More Hike From the Sarasota Trailhead

Sunday we hiked a loop counter clock-wise that we had done in March of this year.  In March we did it clock-wise.  It had been awhile, but we knew there was a turn off somewhere to make a loop.  It was also 90 degrees.  We walked, and walked and did not see a turn off.  Then we saw what we thought was our trail heading out into the hinterlands.  We flagged down a mountain biker and asked him if we were close to the turn off. 

We must have looked really old to this guy.  He told us that the trail would be steep and arduous and that the best thing for us would be to turn around and go back the way we came.  We were probably within five to 10 feet of the turn off, we just could not see it from where we were standing.  We were hot, I was concerned that we didn’t have enough water, so we turned around and retraced our steps.  We should have ignored the guy on the bike. 

So, I am going to document this hike some more, and maybe do a better job than last time, so we can remember it next year.

One leaves the trail head at the end of Sarasota and walks up the trail. Go past the map on the kiosk, that is the trail you want.  The trail will split and you will go left.  At this point there is nothing to do except follow the trail.  Eventually this rock formation will come into view.


The trail continues on and goes down into a wash, and then comes back up.


When you come up out of the wash, you’ll see what looks like a four way intersection.  There is actually a well defined section that has been ridden by many mountain bikes.  You don’t want that.  Make a sharp right and continue on keeping the wash, and that rock formation, on your right.  It doesn’t look like a trail, it looks like a drainage ditch, but that is where you want to be.


The trail will eventually go back into the wash and then head left.  Here you can see the trail about to drop into the wash, over on the right is where you just came from.


After the wash, there is nothing to do except stay on the trail.  It climbs up, and you can see this.  The notch between those two hills is where you’re heading.


This is what confused us Sunday.  This is the Yetman trail, we could see it from where we were standing, and we knew we did not want to go in that direction.
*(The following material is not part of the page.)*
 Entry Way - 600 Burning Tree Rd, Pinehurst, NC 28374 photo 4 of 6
This is the turnoff to complete the loop.  The hill that one climbs is not arduous, it’s just a little steep.  If we had continued on, instead of turning around we would have seen this turn and would be been fine.


Eventually the trail will come to this wide space at the base of the Cat Mountain trail.  Hang a right into the gravel filled wash, take the first right out, and continue back to the original split in the trail.
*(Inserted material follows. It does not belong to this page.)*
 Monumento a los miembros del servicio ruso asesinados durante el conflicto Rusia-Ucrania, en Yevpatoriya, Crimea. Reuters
So, there are now more instructions for this hike, half of which is not on the trail map at the trail head.

What is this?  It’s not poop.  When I poke at it with a pole, it’s soft and looses its shape easily. Poop generally has some structure to it.  There are no bones in it, so I don’t think it’s owl pellets.  Did you know you can buy owl pellets on Amazon?  They’re sterilized and sold as a teaching tool for kids to see what owls can make.  It appears to be compacted fur, but I’m at a loss as to which end of the animal it came out of.


It was a good hike.  The temperature finally dropped so we were much more comfortable and not worried about sun stroke.

1 comment:

  1. Ugh, I hate hiking in 90 degree heat! Glad you figured out where you went wrong!